Isto leva-me ao funcionalismo público. Os funcionários públicos são um boneco atirado de um lado para o outro nas batalhas políticas. Os mesmos funcionários que tiveram um aumento salarial escandaloso em 2009, viram os seus salários cortados unilateralmente, numa medida que seria impossível no sector privado. Mais grave ainda, esta medida pune de igual forma o que é diferente. Bons e maus funcionários recebem o mesmo salário e são atingidos pelo mesmo corte. A verdade é que os principais culpados desta instrumentalização são os próprios funcionários públicos e os seus sindicatos. Ao resistirem durante anos a todo o tipo de avaliações, ao manipularem as classificações e ao baterem-se por salários tendencialmente homogéneos, impedem a diferenciação. Impedem que seja possível aos governos e aos cidadãos saberem quem são os bons e quem são os fracos, quem merece ser recompensado e quem merece ser dispensado. Assim, põem-se a jeito para serem todos postos no mesmo saco e, a natureza humana é mesmo assim, esse saco é o dos maus funcionários.
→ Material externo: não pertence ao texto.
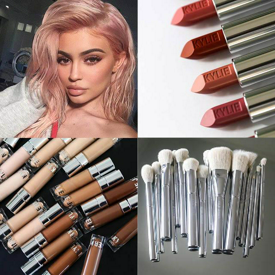 รูปภาพหน้าปกบทความ:แม่มาแล้ว! คอลเลคชั่น 'Silver Series' จาก Kylie Cosmetics กับสามไอเทมสุดปังเอาใจสายฝอ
Demorámos quase 40 anos em democracia para perceber que não existe dinheiro do Estado, existe dinheiro das pessoas e de que o Estado se apropria, para nos servir. Agora que a factura chegou, o meu apelo é para que os partidos que vierem a compor o próximo governo, repensem as funções do Estado e quebrem a cultura de opacidade que ainda é norma nos serviços públicos. Sufocar-nos com mais impostos e cortar sem critério não funciona. A alternativa além de eficaz é moralmente mais justa e ajudará a criar uma cultura mais meritocrática no país, estimulando o crescimento, o que beneficia a todos.